While the argument these people used was extreme, nonetheless I believe that it reflects the mentality of prosecutors around the country. Because they know that they won't face any legal consequences for their misdeeds, they feel free to do whatever they want, even if they know they are lying.

Furthermore, keep in mind that the consequences of prosecutorial misconduct are horrific. People are wrongfully sent to prison. Families are destroyed. People are executed for crimes they did not commit.

This sorry state of affairs continues because the Law-and-Order Conservatives believe that prosecutors should be able to conduct their operations without any worries at all, and that no one should be permitted to impede their actions, even if they are pursuing innocent people. Furthermore, the same people who believe that a business should be destroyed because an employee acted wrongfully refuse to hold that same standard to the agents of the state. The LAT article notes:
The high court has taken a dim view of suing prosecutors, and in Thompson's case, the court's conservatives led by Justice Samuel A. Alito Jr. questioned whether the district attorney's office should be held responsible for the misdeeds of a few prosecutors. (Emphasis mine)
Would Alito hold to that same standard if Wal-Mart were being sued? I doubt it, and his words send a very clear message to prosecutors everywhere: Lie, lie, and lie some more. The Supreme Court has your backs.

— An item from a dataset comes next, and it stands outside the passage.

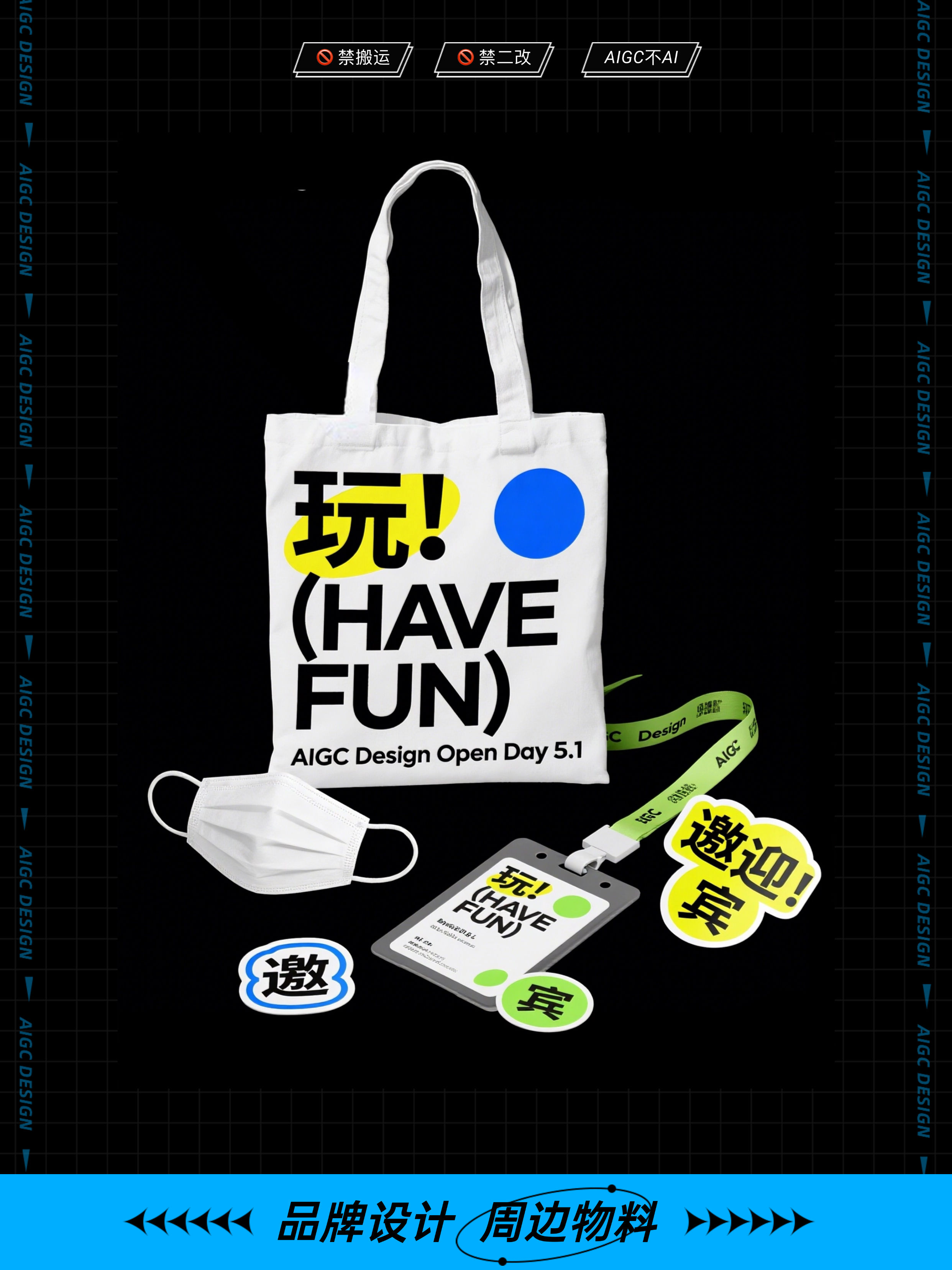 Design｜ 品牌物料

I would like to say that a free society cannot withstand this kind of assault, but Americans long ago threw away their freedoms. Instead, we have a surveillance-police state that empowers some of the worst people among us.

Last May, a Catoosa County jury acquitted Tonya Craft of child molestation charges, and jurors even remarked afterward that Chris Arnt had openly lied to them during closing arguments. We witnessed Joal and Sarah Henke committing perjury, unqualified prosecution witnesses testifying, the fabrication of documents, and more perjury from Sandra Lamb and Sherri Wilson.

In other words, in order to bring criminal charges against Ms. Craft, Arnt and Len Gregor committed crimes, and helped others commit crimes along the way. Jurors and others in the courtroom witnessed criminal behavior, yet not one person who lied and broke the law faced any sanctions.

Arnt, Gregor, Tim Deal, and "judge" brian outhouse are still on the job. No one who lied faced any punishment, and no one will be punished for what they did.

Why? They knew that they were perfectly secure in their lawbreaking because the authorities will not do anything about it. For that matter, the authorities WERE the lawbreakers. Let me put it another way, one that perhaps puts all of this into perspective:

Lawbreaking by government authorities is legal because it is the "Law of the Land." The U.S. Supreme Court has said so.

7 comments:

Doc Ellis said...

Greetings, Dr Anderson

Shared

Thank you for writing this.

Doc Ellis 124

Anonymous said...

Another great blog, So you are telling me, That we don't have a Snowball Chance in hell of getting a fair trial, or our name Cleared.
What kind of justice is that, Where do we go from here. Surely there is still people, that want Justice for the Innocent.Put your self in their shoes, knowing you was serving time for something you did not do. That makes it hard.

Anonymous said...

Bill, I'm gonna have to part ways with you on this one, slightly. I have never seen a case where the US Supreme Court said it was okay to lie. The questions from the justices do not mean either that they lean that way or that they will vote that way. in fact, sometimes the ask questions becuase they anticipate what the counter arguments will be. The issue at hand is prosecutorial immunity. The US supreme court holding that a state has the right to grant immunity does not mean they are for or against such a law. It means they are ruling the state has the right to pass such a law. It has a harsh result no doubt but that is what states rights is all about. Clearly, the time has come to change the immunity laws, no question. I think that the US Supreme Court will uphold that as well. I am with you 100% that prosecutors need constraints and punishment for violating the constraints. They are the ones who should know better. The supreme court is not the place to change the law though. We should never rely on a court to pass laws. The blame for harsh results of a court applying the law should be squarely on the legislature.

Bruce Hall said...

You presume that trials about truth and justice when they are about winning and losing.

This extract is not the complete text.